Exercise brief » Transcribe the listing word for word, beginning at its first line and ending at the line containing "Kaely Single Cream"; omit the pictures.

Data section »

----

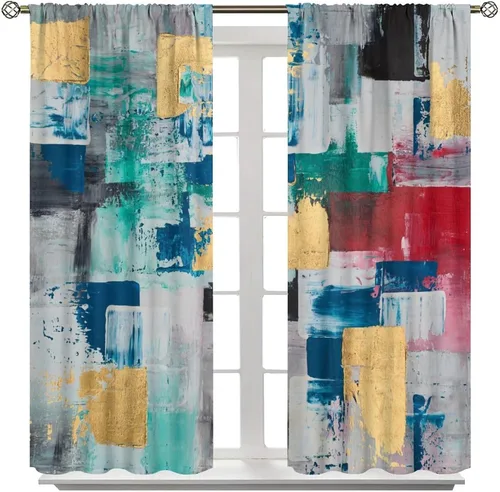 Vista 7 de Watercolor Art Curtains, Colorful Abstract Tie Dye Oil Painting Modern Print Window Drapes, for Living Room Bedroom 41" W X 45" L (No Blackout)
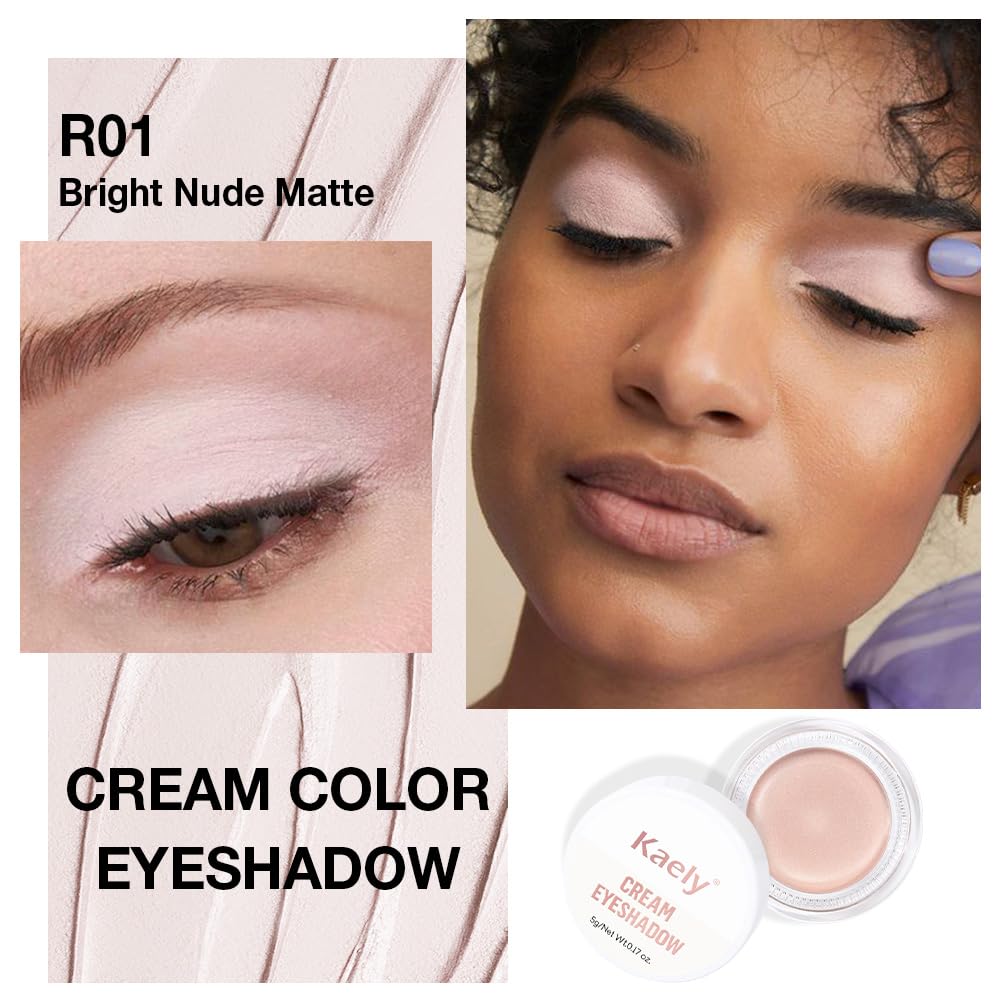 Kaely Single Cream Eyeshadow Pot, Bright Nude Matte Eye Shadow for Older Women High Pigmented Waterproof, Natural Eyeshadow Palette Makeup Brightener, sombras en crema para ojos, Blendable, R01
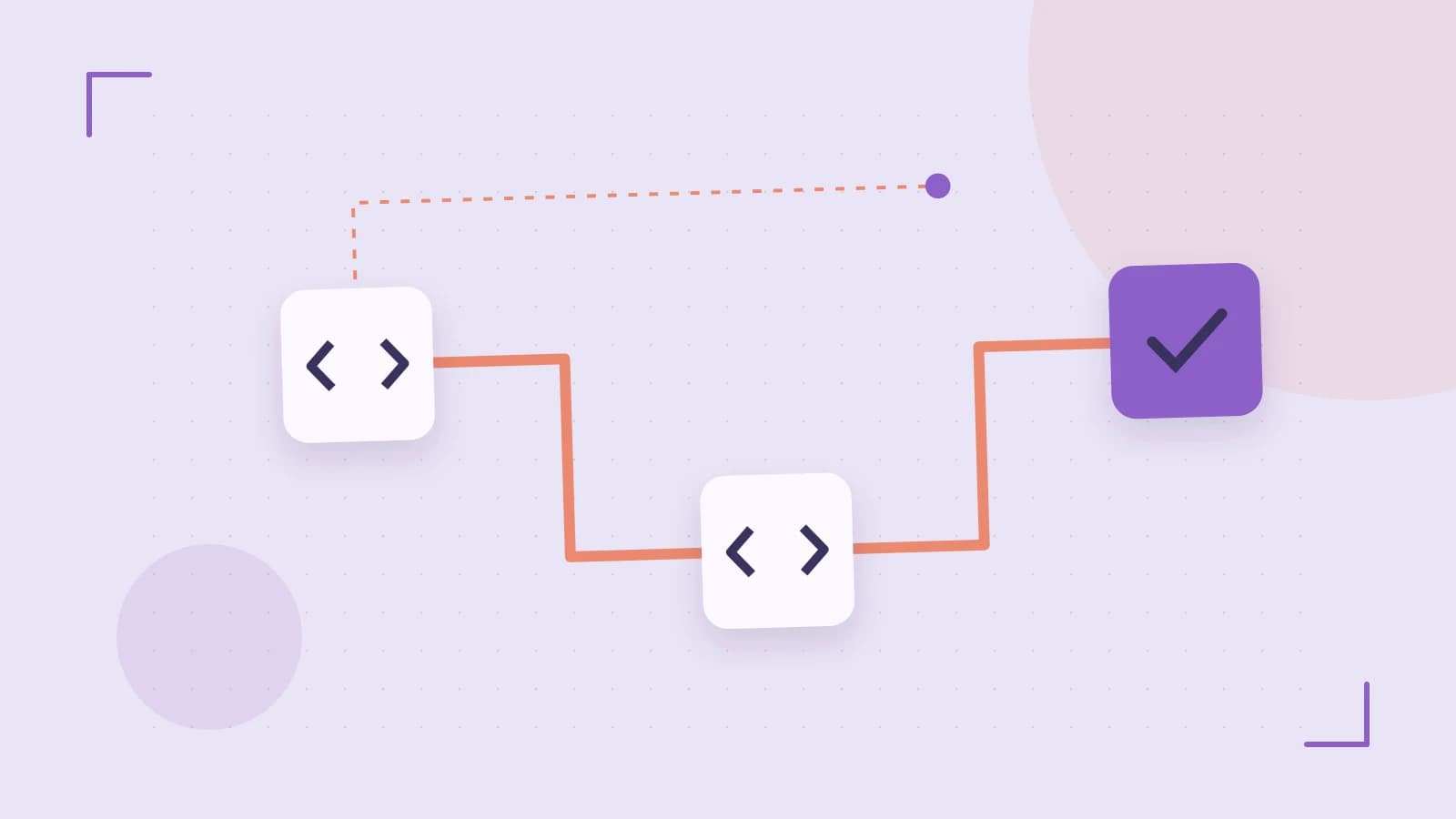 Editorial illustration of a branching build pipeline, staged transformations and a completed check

----

Reply to the task »
 Vista 7 de Watercolor Art Curtains, Colorful Abstract Tie Dye Oil Painting Modern Print Window Drapes, for Living Room Bedroom 41" W X 45" L (No Blackout)
 Kaely Single Cream Eyeshadow Pot, Bright Nude Matte Eye Shadow for Older Women High Pigmented Waterproof, Natural Eyeshadow Palette Makeup Brightener, sombras en crema para ojos, Blendable, R01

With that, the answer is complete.